L'auteur est une des vingt personnes de gauche qui a commenté, en quelques pages, le rapport Obin. Sa contribution, sous forme d'un cri de colère contre la montée de l'islamisme à l'école, est remarquable, comme le texte de Jean-Paul Brighelli, sur les femmes, et celui de Patrick Kessel sur le communautarisme.

Son dernier livre se situe entre septembre et décembre 2005, dans une municipalité communiste imaginaire du 93. Certains jugeront sans doute que cet ouvrage est un ensemble de caricatures, contribuant à vouloir stigmatiser les populations pauvres issues de l'immigration.

Pourtant, ce livre, qui est un roman, est tout sauf une fiction.

A l'école publique, d'abord, où une jeune enseignante, de famille militante de gauche, fait ses premières armes dans un collège.

Dès son premier cours, elle découvre le niveau catastrophique d'une classe où la très grande majorité des élèves sont blacks et beurs. La sous-culture catastrophique de ces jeunes, leur incapacité à rester concentrés, et la violence permanente qui les oppose entre eux, notamment par la présence d'un colosse de dix-sept ans qui terrorise tout le monde et rend impossible tout travail scolaire.

La lâcheté de la direction de l'établissement, qui ne veut surtout "pas de vagues". La démission de la majorité des enseignants, qui préfère regarder ailleurs, espérant conserver un semblant de tranquillité en échange de leur capitulation.

La résistance citoyenne et républicaine de quelques-uns, sans illusion sur leur hiérarchie, sans illusion sur la déléguée FSU, mais qui s'organisent quand même, en cachette, pour limiter les dégâts et protéger une enseignante juive des propos antisémites tenues dans sa classe. Le rôle complice et criminel de l'enseignant "Indigène de la République", qui vend le journal trotskiste "l'Etincelle", et qui cautionne, voir encourage, les débordement antisémites, en expliquant qu'avec tout ce qui se passe en Palestine, c'est normal que les jeunes réagissent ainsi à l'école.

La ville est partagée en trois cités. L'une est tenue par une famille algérienne, spécialisée dans le trafic de shit, l'autre par un proxénète d'origine sénégalaise, la troisième par un trafiquant d'héroïne issu du milieu traditionnel. Aucun n'a intérêt à ce que la police ne mette son nez dans leur quartier. Ils font régner la paix pour protéger leurs trafics, et respectent le territoire de l'autre. Ils se montrent généreux avec la municipalité. Les émeutes de novembre mettront en péril cet équilibre, les jeunes commençant à incendier des véhicules.
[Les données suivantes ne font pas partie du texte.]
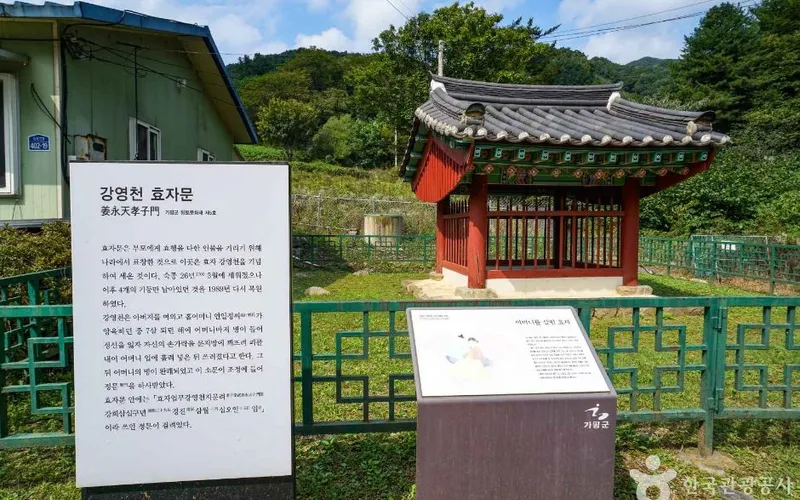 강영천효자문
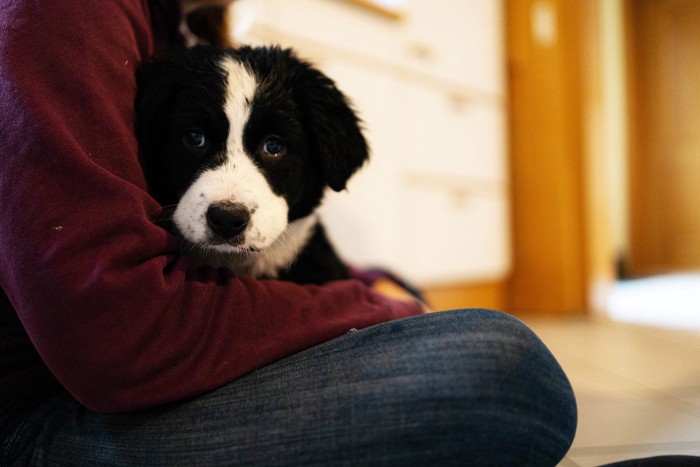 飼い主に抱っこされて怯えている犬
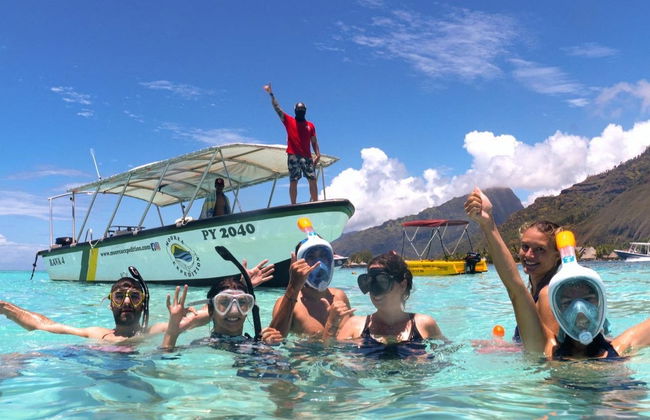 Avistamento de baleias em Moorea - Foto 5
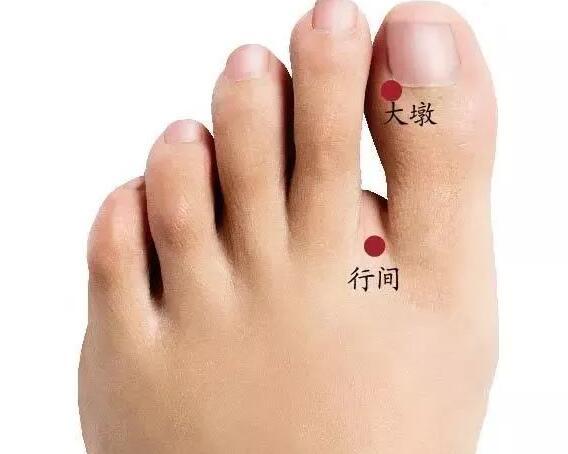 大敦图册_360百科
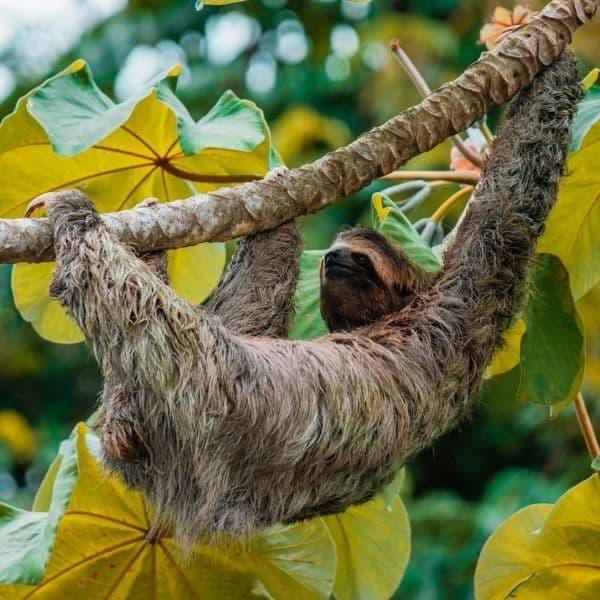 sloth manuel antonio national park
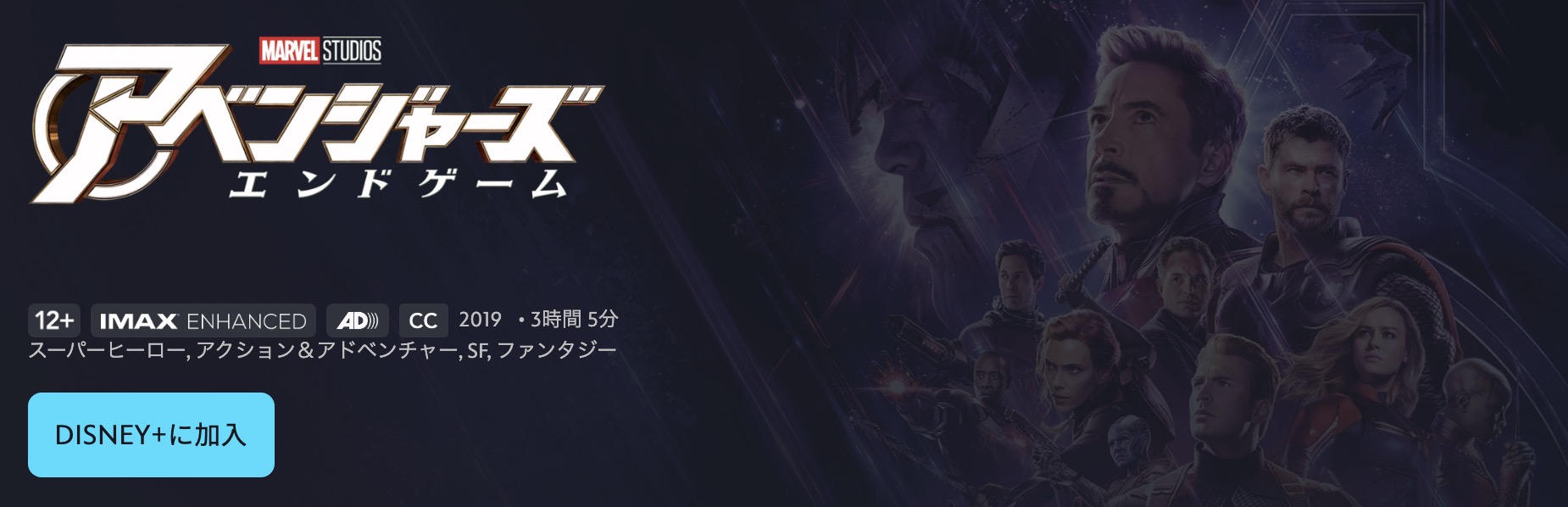 アベンジャーズ エンドゲーム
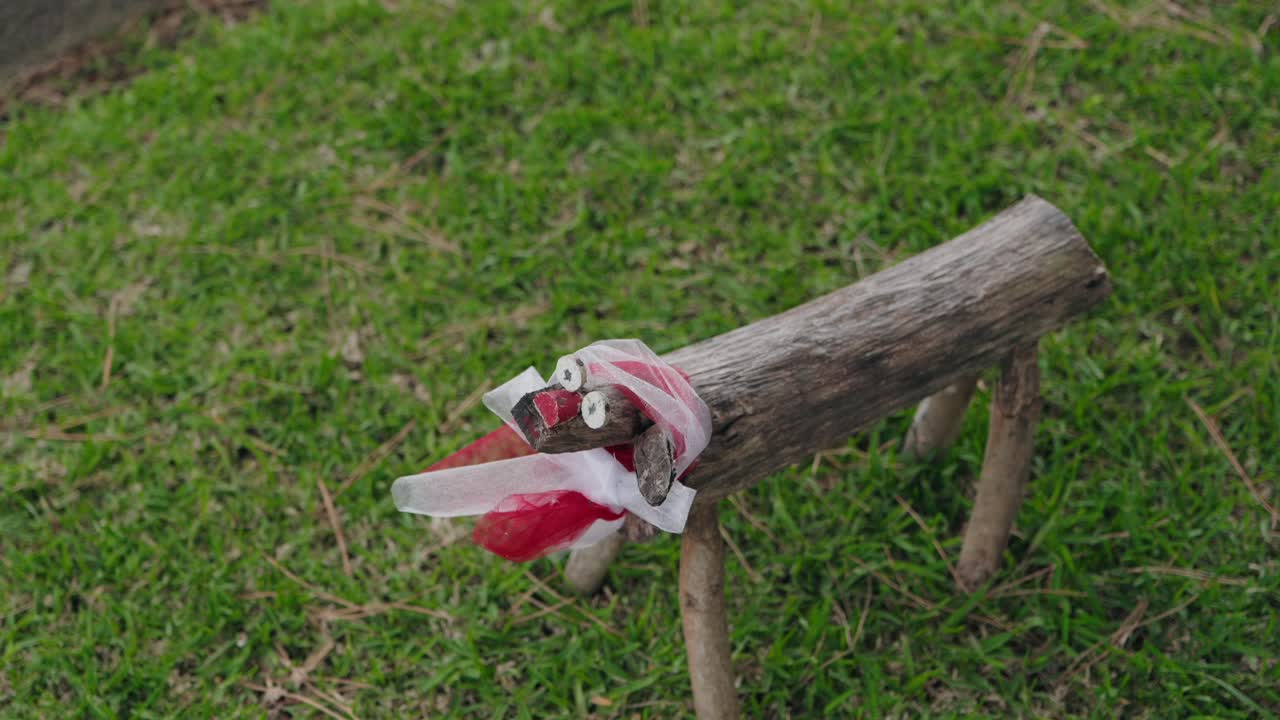 handmade animal figure crafted from wood with red and white ribbon tongue on grass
Le rôle de l'imam salafiste est bien sûr incontournable. Depuis quelques années, il a lentement convaincu les hommes que leurs femmes devaient cacher leurs cheveux. Le voile est donc de plus en plus omniprésent dans les trois cités. Il est consulté sur tout, et veille à faire régner l'ordre moral : opérations punitives contre des jeunes surpris avec des revues pornographiques, contrôle politique sur les populations. Lui aussi sait se montrer rassurant avec la municipalité, pour obtenir les contreparties utiles. Il joue la stratégie du temps : ne pas provoquer inutilement, avancer pas à pas : "la patience est la première vertu du combattant" répète-t-il à ses ouailles pressées d'en découdre.
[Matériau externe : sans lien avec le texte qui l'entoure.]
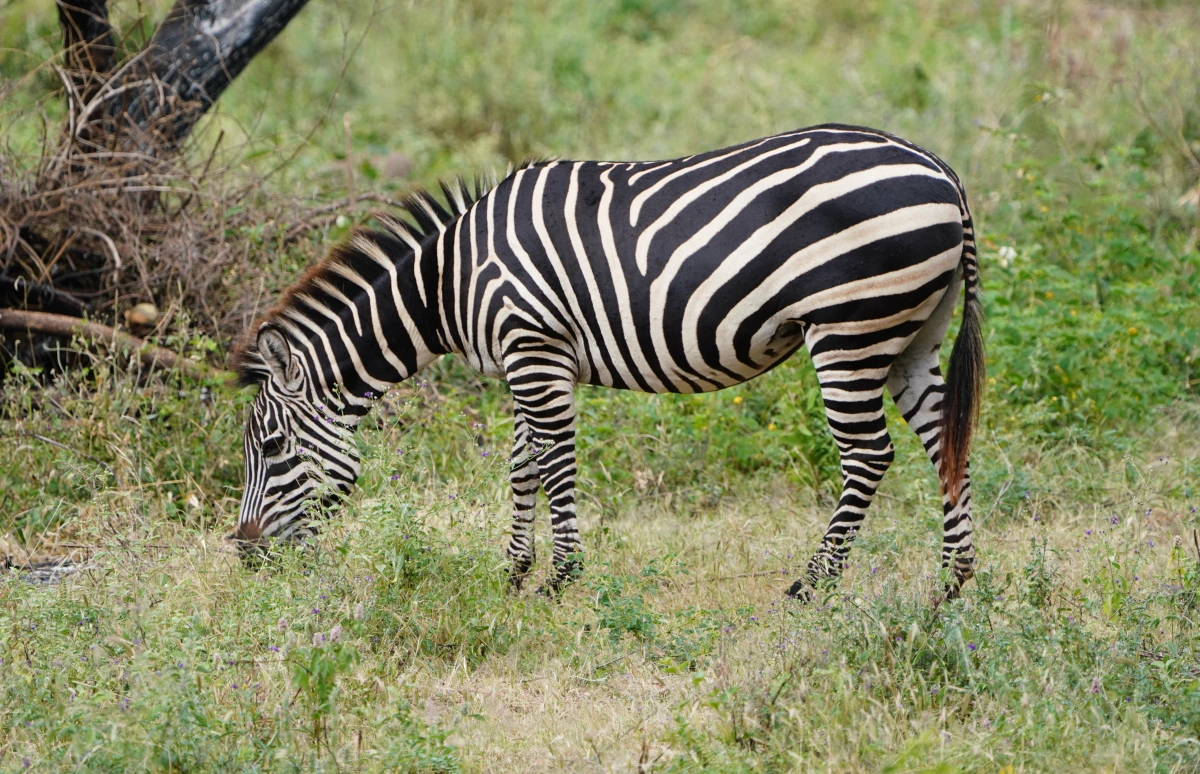Zebra im Manyara-Nationalpark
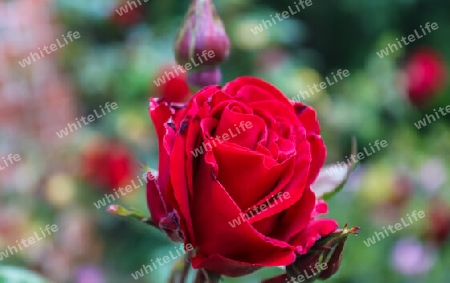 Top view of yellow and orange rose flower in a roses garden with a soft focus background.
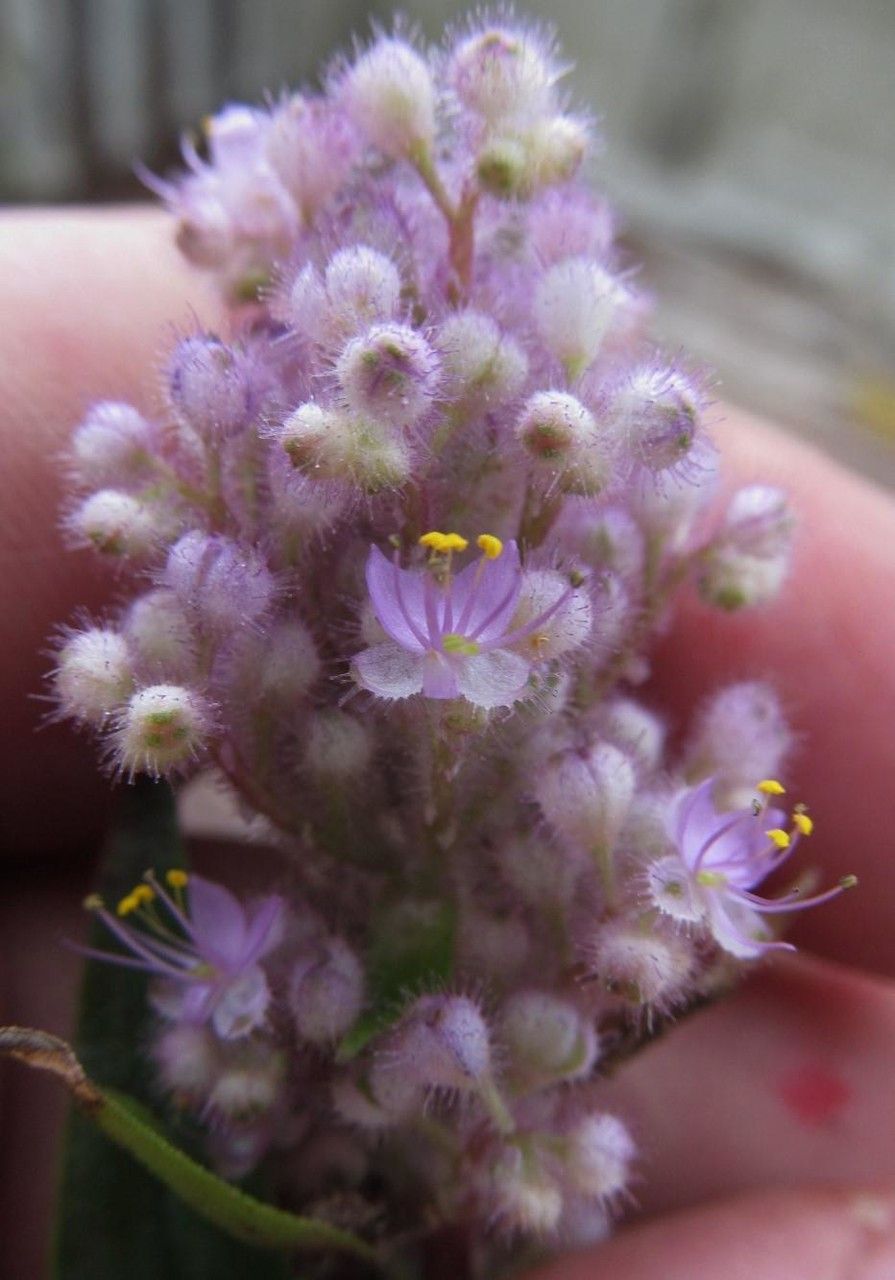 Floscopa glabrata flower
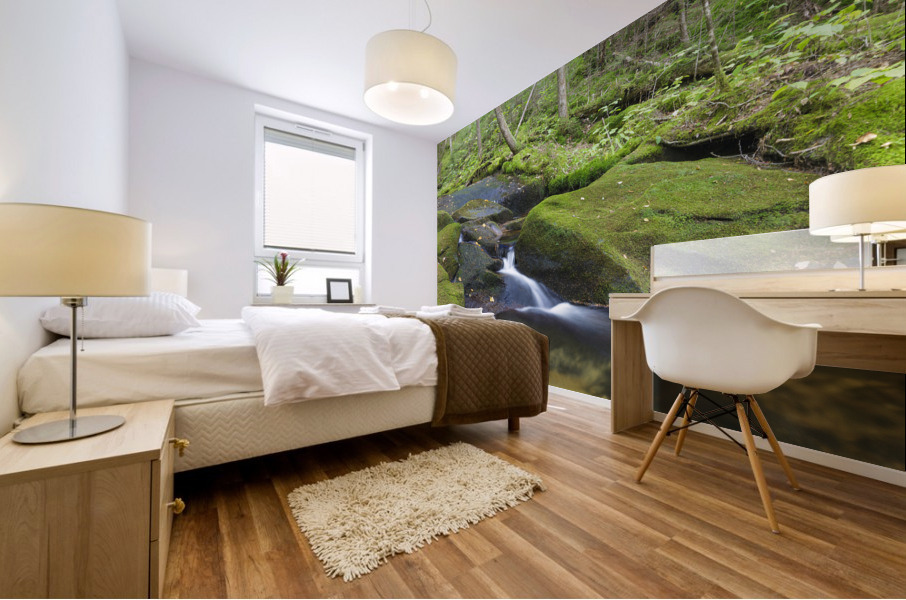 Scarface Brook - Bethlehem New Hampshire Mural print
La droite, dans une localité voisine, joue bien sûr la stigmatisation des populations issues de l'immigration, en s'appuyant sur les juifs orthodoxes loubavitch, qu'elle subventionne généreusement. Chacun son ghetto, en fonction de ses origines et de sa classe sociale !

La situation est-elle donc désespérée ? Les résistants sont rares. Outre quelques enseignants, qui n'ont pas peur de se faire crever les pneus de leur voiture, on y voit des policiers de gauche, à la culture très républicaine, qui veulent à tout prix faire tomber les petits caïds locaux.

Ils s'appuient, pour cela, sur les derniers habitants du quartier encore capables d'un sursaut. Certains qualifieraient peut-être de "petit blanc" ce délégué syndical CGT qui est le seul à se battre contre l'insupportable quotidien qu'il subit. Ses larmes, quand son entreprise flambera, pendant les émeutes, ainsi que sa voiture, et sa haine contre des pouvoirs publics qui l'abandonnent, lui et les siens, sont un grand passage de ce livre, comme la démission d'un enseignant qui, la cinquantaine approchant, décide de quitter l'Education nationale, jugeant qu'il s'est trompé de discours depuis vingt ans, et qu'il vaut mieux qu'il arrête avant de mettre son poing dans la figure d'un élève.

Un substitut, de culture de gauche, incarne lui aussi la volonté de reconquérir les territoires perdus de la République. Un temps ébranlé, il puisera dans la lecture de Marx sur le lumpenprolétariat les arguments pour ne pas faiblir et ne pas se montrer lâche. Il n'aura aucun état d'âme, lorsqu'il devra juger à la chaîne les émeutiers qui se sont fait prendre, à les sanctionner durement.

Ce livre est par ailleurs très pessimiste. On se dit, quand on l'a refermé, que les discours contre les Juifs, contre les femmes, contre la laïcité, l'identification au conflit israélo-palestinien, véhiculés par les religieux et leurs complices, vont occasionner des dégâts pendant longtemps, et sont autant de bombes à retardement déposés dans ces territoires perdus de la République.

L'espoir, dans ce livre, est longtemps incarné par un jeune beur particulièrement doué, qui veut s'en sortir par les études. Mais il est travaillé par des islamistes radicaux, qui lui expliquent, cassettes à l'appui, que tous les malheurs du monde viennent des Juifs. Sa cousine, séduisante, courageuse, battante, montre une détermination sans faille pour s'en sortir par le travail. Elle refuse de subir la pression des religieux et des petits machistes, elle veut réussir, et refuse le statut de victime qu'on veut lui octroyer d'autorité.

Quelques agents de l'Etat, enseignants, policiers, juges, quelques citoyens n'ayant pas définitivement capitulé, et quelques jeunes, surtout des femmes, qui ont compris que ce sont les études qui les empêcheront d'être au RMI toute leur vie, cela fait un bien faible rayon de soleil, dans l'univers très sombre que décrit Thierry Jonquet, mais il existe.

L'auteur est resté un militant, sa façon de parler de toutes les mobilisations des années 1970 à 2000 le montre. Mais il n'accepte pas la connivence entre certains de ses anciens camarades trotskistes et les intégristes islamistes.

Fondateur de Ras'l'Front, dans les années 1990, pour lutter contre la montée du Front national, Thierry Jonquet fait partie de ces trop rares militants de gauche capables de lier, dans ses livres, le nécessaire combat contre tous les fascismes, et son refus de tous les racismes.

Son ironie contre ses anciens camarades fascinés par Tariq Ramadan n'en est que plus mordante, et salutaire. Surtout qu'il continue d'écrire.